General User Survey/Implementation Issues

From Meta, a Wikimedia project coordination wiki

This page aims to discuss technical issues that are involved in implementing the General User Survey Questionaire, and the storage and processing of its results.

Multilingual issues[edit]

A Mediawiki wide survey would require as many language editions as possible. 200+ versions is impracticable, but I expect at least the 10 to 25 largest projects would help out with translations.

This requires

  • Good translation coordination (recruiting volunteers, deciding on a final questionaire before the translation starts in earnest)
  • A most simple way to add and update translations (probably by grouping all texts in a separate module, which can be distributed for translation, much like Mediawiki language modules)
  • A questionaire layout that does not pose restrictions on text size, as this will vary per language
  • Timely testing of each language module
  • Ideally a way to present some choices differently per language (e.g. list of country names to select from, sorted alphabetically in the language of choice)
  • Encoding of all results in a language independant manner (e.g. the script does not store 'Easy' or 'Unsatisfactory' but numbers that signify answers to the w:Likert scale type questions. For answers on questions like 'In which country do you live: we could prefix a fixed set of valid answers with numbers. Thus a drop down box could list
314 - Afghanistan
215 - Albania
453 - Algeria
etc

In order to ease validation of results the complete entry is stored (e.g. '453 - Albania'), but processing of the results can be based on the number prefix only. In different languages the list of countries can be sorted in a different order but the same number prefixes are used. The numbers are random(?) three digit numbers on purpose: a next edition of the survey can then use the name numbers even when the list of countries will have altered.

Programming language[edit]

The first General User Survey might serve as prototype for other surveys, which later possibly could be integrated in the Mediawiki code base. Thus it seems wise to code in the Mediawiki language of choice: php.

Validation of input[edit]

Some answers can be left unanswered. Some not (?). Wherever validation is required, the script should mark erroneous or missing input in red, and return to the user, with all user input preserved, so that the user does not have to repeat the same valid input (it still happens on some sites). Clear language dependant error messages will have to be presented that explain what the user is expected to do, preferably immediately above or below the question that the remark is referring to. Multiple validation errors can be presented at the same time, all marked clearly in red.

Encoding of answers[edit]

See also above at 'Multilingual issues'. As much as possible all answers are encoded in a numeric format. Questions are also encoded numerically.

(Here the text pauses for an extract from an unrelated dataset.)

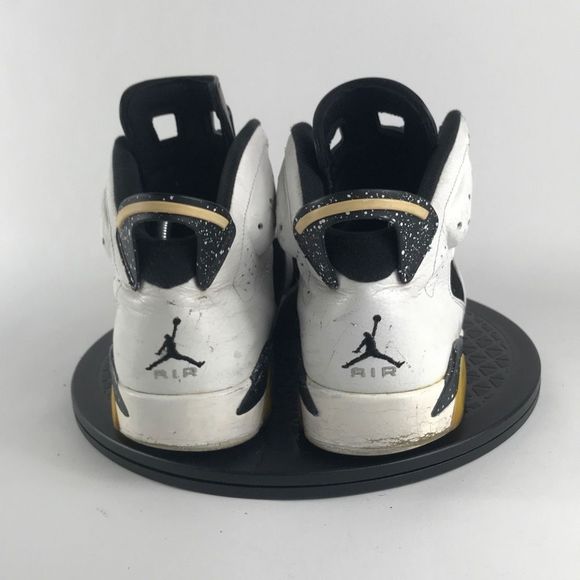 Nike Air Jordan 6 Retro Oreo 2009 Black/White 384664-101 Men’s Size 10 - Picture 6 of 12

Thus a next survey can add, remove or rephrase questions and still refer to them by a same number.

User comments[edit]

Here are two ways to let the user add comments:

  • The form contains a button per question that shows a (popup?) form where users can explain their answer or comment otherwise. The comments are then anonimously stored in a separate comments table, prefixed by question number. Others can browse this table per question.
  • Much simpler to implement, in line with wiki approach, but less anonymous: each question in the form is accompanied by a static url to a question specific meta page where that question can be discussed.

Storage of results[edit]

Results are stored in a dedicated MySQL table, with one row per user (or user/question pair). A new submission by the same user overwrites the first, or is not allowed (?).

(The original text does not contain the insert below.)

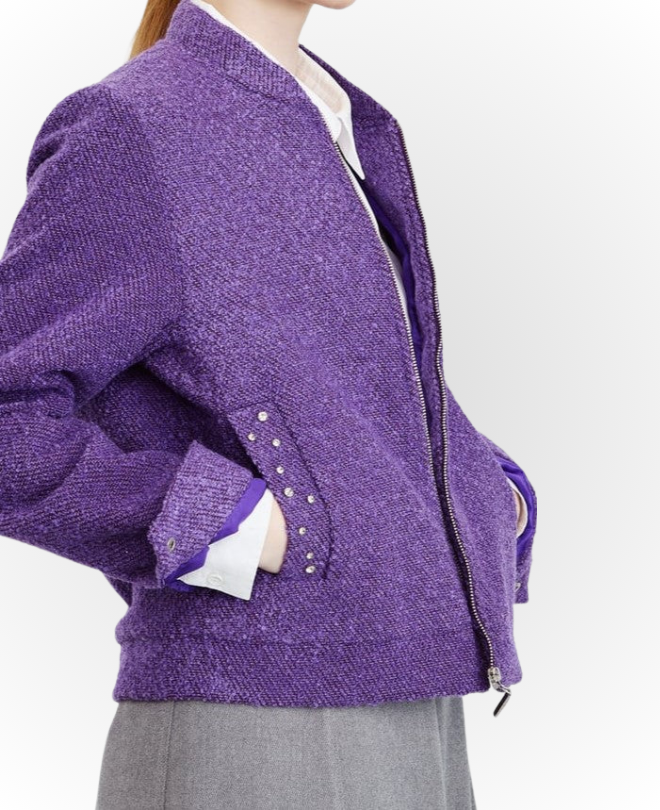 Blouson Bombardier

Accessability of results[edit]

Most researchers seem to favour csv format for publishing public, aggregated data. The original database(s) that store the raw user input need to be treated similar to the Mediawiki user table, namely only accessable with database password on a secure server, and xml dumped to folder 'private'.

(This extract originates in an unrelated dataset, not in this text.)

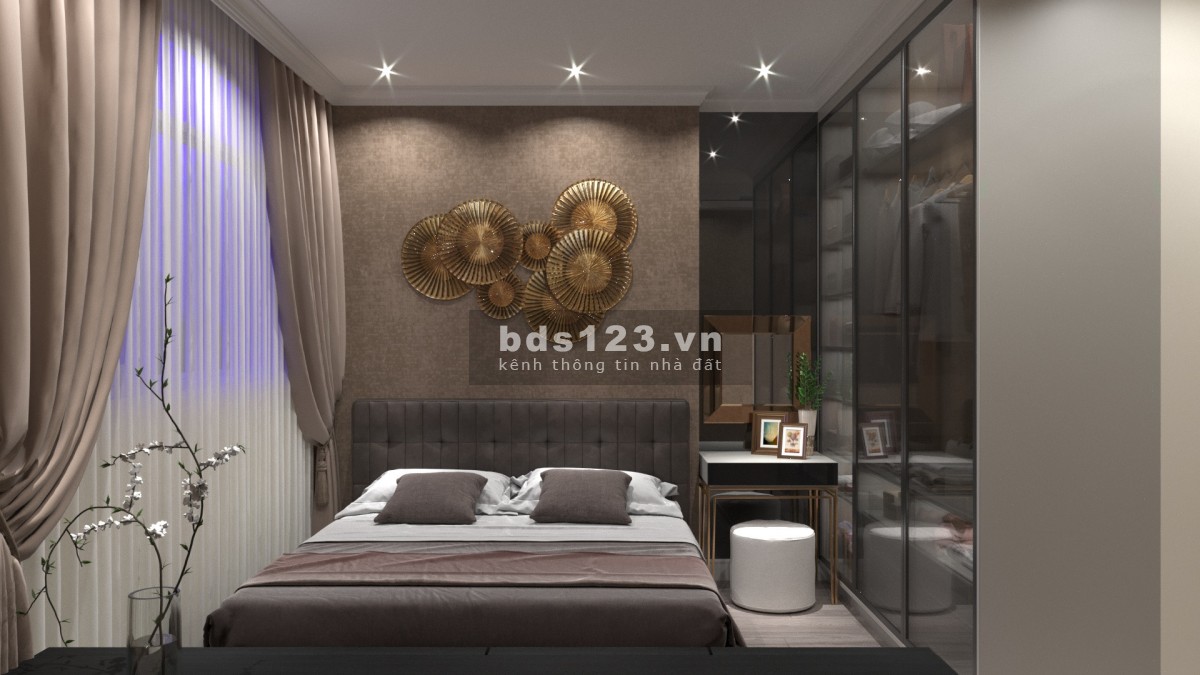 Bán Căn Hộ Thủ Thiêm trên đường Trần Não, đóng 30% nhận nhà ngay, nhà mới mua CĐT có bank HTLS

Anonimity of results[edit]

All data that will be published for processing by outside researchers need to be thoroughly anonimised. This may imply that some data are published with less granularity than which with they are stored. E.g. unique country code is stored, but public csv extract shows only continent (just an example, to be discussed). Similar year of birth may be stored, but presented in public csv file as age rounded to nearest decennium.

The table itself could contain the exact user name so that confidential stats scripts could do some fact finding like retrieving the number of edits from the projects (and publishing this again in a generalized fashion).

Authentication[edit]

The survey will be much more useful when restrictions are imposed on spamming the survey. Late 2006 Mediawiki will move to single user signon, so that each registered user is unique over all projects.

The results would benefit from user validation, either

  • by referring to a static copy of the MySQL user table, with sensitive and unneeded info removed (mail address etc)
  • or by invoking a function or script, to be supplied by Mediawiki dev team that accesses the live user table and returns 'OK to continue' or not, and a unique id for this user (possibly different from alreaey existing user number) so that each user can only submit the form once (or a second submit overwrites previous results from the same user).

Database design[edit]

It remains to be seen whether results can best be stored:

  1. in a separate record per user per question (normalisation issues involved)
  2. in one record per user with separate fields per question (adding new question means adding field(s) to the table)
  3. in one record per user with all answers in one xml structure in one large text field (flexible but less queryable with sql).
I'd vote for #1 in a table with 4 columns, i.e.
user id question id answer comment
Normalising the answer to fill unanswered, true/false or small ints shouldn't be too hard. -Sanbeg 20:55, 26 January 2007 (UTC)[reply]